Out-of-bounds clamping brings big perf regression on TFJS ML demos. (#1202)

  • KN: Basically, folks at Intel working on TF.js saw a big perf loss when turning on our robustness pass in Dawn. I think it was on D3D12 backend.
  • DS: They tested both clamping and min?
  • KN: I dont’ think they tested min, because we didn’t have it implemented. What they did was look at how FXC translates and it makes an imax and imin instruction. Probably woudln’t be enough. Telling us a couple things. 1. Probably need to make robustness rules relaxed enough so we can use vulkan robustness rather then requiring implementations making it well defined with clamp. 2. In presence of that, probably need to do some optimization to remove unnecessary clamps in cases where we do use clamps.
  • DM: Are you suggesting ar[4] and using non 0-3 then implementation can silently allow that without warnings? Thats what robustness gives you.
  • KN: Yes.
  • DM: No way to discover from programmer perspective. Weird nonportable behaviour
  • KN: Could have dev option to issue warnings somehow, but we have to achieve performance and don’t see anyother way to do it. Maybe we can do it with clamps if we have enough analysis to emit unnecessary clamps. But that’s not a given and is hard. My understanding si range analysis on numbers is hard.

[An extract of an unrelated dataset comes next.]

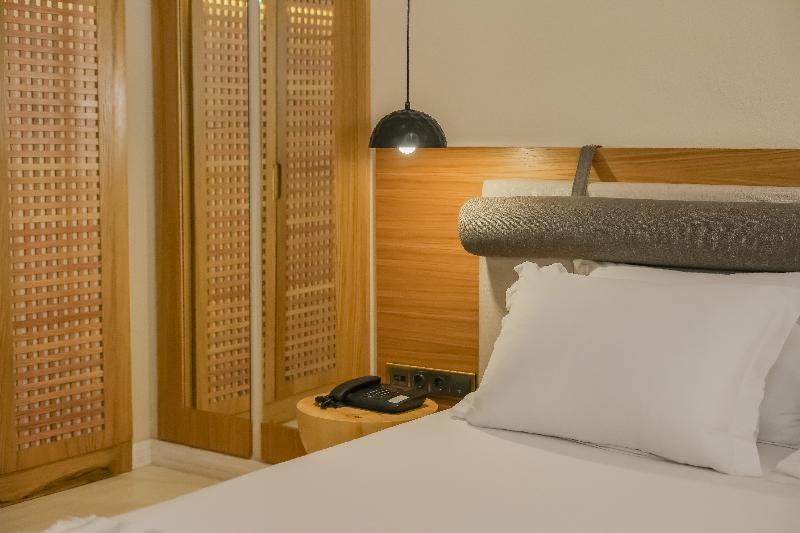 Nuup Hotel image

  • RM: Idea of clamp was portability. At least it runs same way everywhere. If we think a different default like picking min or max or something else would be more efficient then fine with changing it for everyone. Unless we have numbers showing that I’m concerned what we pick is going to be unsafe or have a cost to it. Not clear optimizing clamp will be harder then the other option we want.
  • KN: Right, I don't think optimizing clamp is harder than optimizing min. We expect to replace clamp with min as indexing will be unsigned so we no longer need the clamp
  • GR: Yup.
  • DJ: How can you replace clamp with min?
  • KN: If the index types in WGSL are unsigned we do a unsigned min with the length before using ti to do the index in the generated code
  • DJ: And that’s faster then clamp?
    KN: Don’t have an answer to that. Probably faster in some clases. FXC makes clamp imax + imin. Wasn’t that the intent? Didnt’ WGSL already make the indices unsigned to allow min instead of clamp.
  • DS: I believe we talked about it but I don’t know if spec text was written.
  • KN: We also need to know what the numbers look like with min vs clamp. But, regardless of min or clamp this is an early indicator that perf will not be good enough.
  • RC: Were the perf issues on windows?
  • KN: I think they checked on windows on D3D and Vulkan.
  • RC: On windows, unless a root constan buffer you should be getting robust buffer access
  • KN: What does that mean in D3D12?
  • RC: A descriptor where you give it a size then RB access. For computek shaders you get 0 and for vertices you get alpha 1.0 or something like that.
  • KN: So well defined?
  • RC: Yes. As long as it’s same defined with other APIs we should pick that
  • KN: Vulkan is looser.
  • RC: What does vulkan say?
  • KN: 0, 1, -1, inf, nan. Any value inside allocation could be returned. Basically anything but safely.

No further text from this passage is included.